Reproduce the listing in full, exactly as written, but without images.

▶ [Recorded data]:
· · · · · · ·

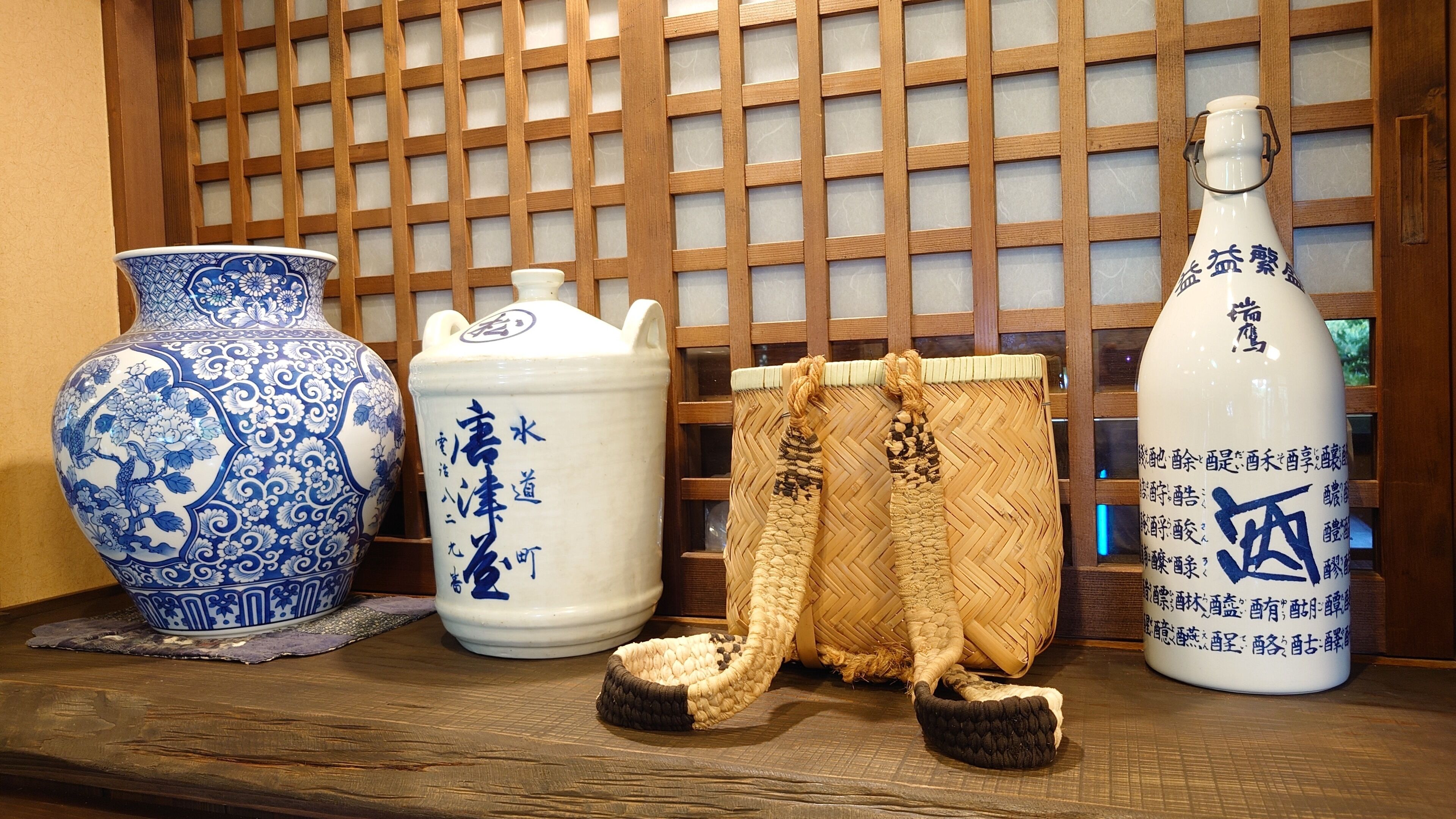 A display of traditional Japanese ceramics and textiles, including a blue and white vase, a white ceramic pitcher, and a woven basket with a rope handle.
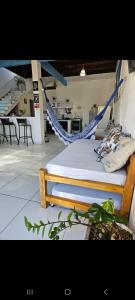 a bed with a hammock in a room at Casa Valhalla Pipa in Pipa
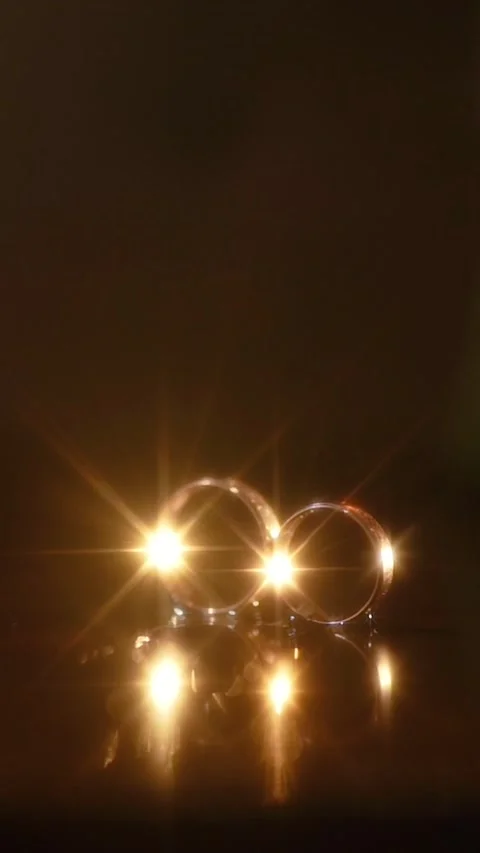 Wedding rings close-up on a dark background with light Stock-Footage 337893130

· · · · · · ·

▶ [Result for this exercise]:
 A display of traditional Japanese ceramics and textiles, including a blue and white vase, a white ceramic pitcher, and a woven basket with a rope handle.
 a bed with a hammock in a room at Casa Valhalla Pipa in Pipa
 Wedding rings close-up on a dark background with light Stock-Footage 337893130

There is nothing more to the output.